I would not leap to the conclusion that DISH will carry this because Cablevsion has agreed to (and we dont know that for sure).


These threads are pure speculation.


----------



## Bill D (May 11, 2002)

> _Originally posted by invaliduser88 _
> *Why should I be forced to pay for a channel that I can't watch? *


I think Dish should just either eat the costs like Directv did or change the pricing for AT 100 in the NY area. I emailed Dish a few weeks ago saying that now they have the Nets and soon after the Devils in a few years. This is a lot of sports programming for an area to not carry..


----------



## BrettR (Apr 24, 2002)

> I think Dish should just either eat the costs like Directv


DirecTV isnt eating the costs. They are putting it on the subscribers requiring them to take Total Choice in order to be subscriber. I got DirecTV assuming one day I could downgrade to a Limited Choice with alacarte options, but DirecTV changed the rules requiring Total Choice to be a subscriber. I told D*, good bye I dont want Total Choice any longer.

Yeah, Dish could do the same eliminate AT 50, eliminate alacarte and require AT 100 then their margins would be higher. I am assuming though Dish would grandfather existing subscribers.

IMO, there should be guidelines for RSNs. FCC doesnt consider RSNs to be important of having any rules applied to them, except if they are cable-owned and satellite-delivered.

To me, if all 3 MSG, FSNY and YES are going to claim the NY/NJ region (a very big region) plus demand basic service carriage plus make its viewers sit through commercials so they can make money off advertising, they should not all 3 be charging $2.20 per subscriber which is the average RSN rate. It should be about $.73 per NY region subscriber. $2.20 divided by 3, the number of RSNs that claim that region. The average RSN rate is about $2 to $2.20 right now.

This way the DBS provider can leave aside $2.20/mo for each AT 100 or Total Choice subscriber where the money goes to the RSN. In Philadelphia, that $2.20 should be credited back to the TC subscriber since there is no RSN offered at all.

Right now the 3 RSNs (MSG FSNY YES) combined will get close to $6 per NY directv subscriber. So DirecTV actually loses money in New York per subscriber (their margins are lower). DirecTV can only make up in volume.

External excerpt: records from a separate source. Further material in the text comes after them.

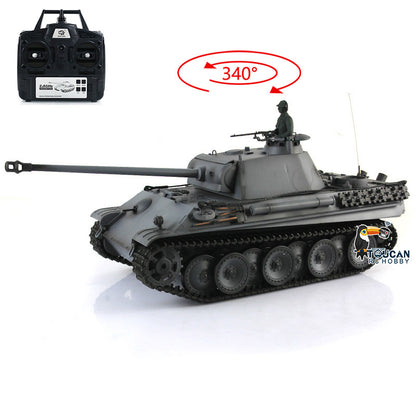 TOUCAN RC HOBBY Heng Long 1/16 Plastic Radio Control Tank 3879 7.0 German Panther G RTR Tank 2.4G w/ Engine Sound Smoking Gearbox on RC Tank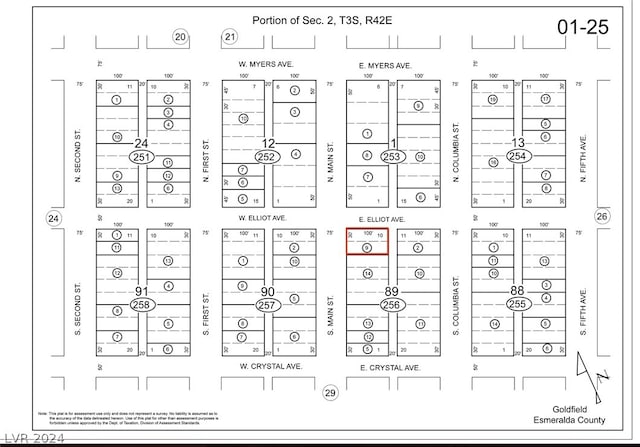 100 S Main St, Goldfield NV, 89013 land for sale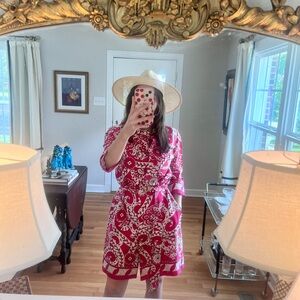 Pink and White Funky Dress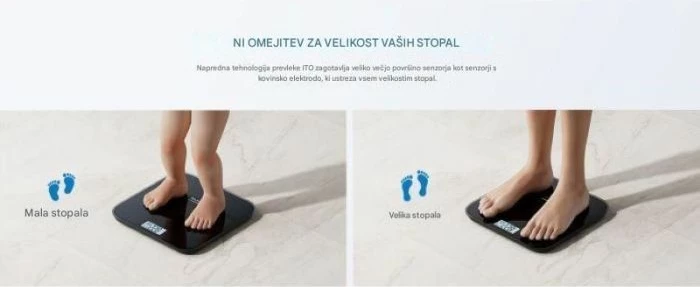 Peshore smart personale RENPHO Elis Solar 2, Bluetooth (BLE), 180 kg, 28x28x2.3 cm, e zezë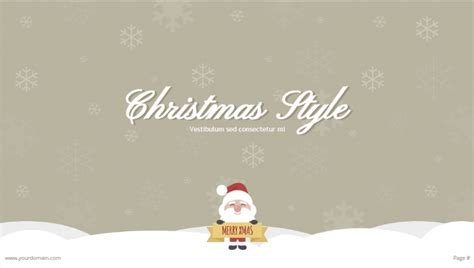 Free Powerpoint template & Google Slides theme for Christmas Greetings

CCSN in D.C. will only get $2 per month per directv subscriber though in a smaller market. YES, MSG and FSNY benefit that NY can support that many teams and the fact that the NY RSN coverage area is close to 10% of the country.


----------



## James_F (Apr 23, 2002)

> _Originally posted by invaliduser88 _
> *Why should I be forced to pay for a channel that I can't watch? *


 When will you people stop with that. Your bills won't go up. Anyway you can watch it, just not for Nets or Yankees games unless you have NBA or MLB Sports packages.


----------



## Guest (Nov 30, 2002)

I'm kind of Shocked that Dish hasn't come to an agreement with YES. Surely the subscription to Dish Network have been lower in the NY area because of it...Right? Is Dish waiting to see what Cablevision does? Why? Are they working together or something?


----------



## Geronimo (Mar 23, 2002)

No the price is not lower in NY. Boy have we been through this before.


----------



## cnsf (Jun 6, 2002)

> _Originally posted by Geronimo _
> *No the price is not lower in NY. Boy have we been through this before. *


We have, it's just there is a rumor that Cablevision and YES came to an agreement. Without the details of the agreement, there is no point in speculating. I am just trying to a) confirm whether or not it is true and b) if it doesn't require the "Basic" requirement, would Dish follow suit? I would have to think they are losing subs hand over fist to D* in the NY DMA.

Also, the NY subs would have no problem in paying extra for YES so other subs in other regions who can't even get it don't have to fork over the extra chump-change.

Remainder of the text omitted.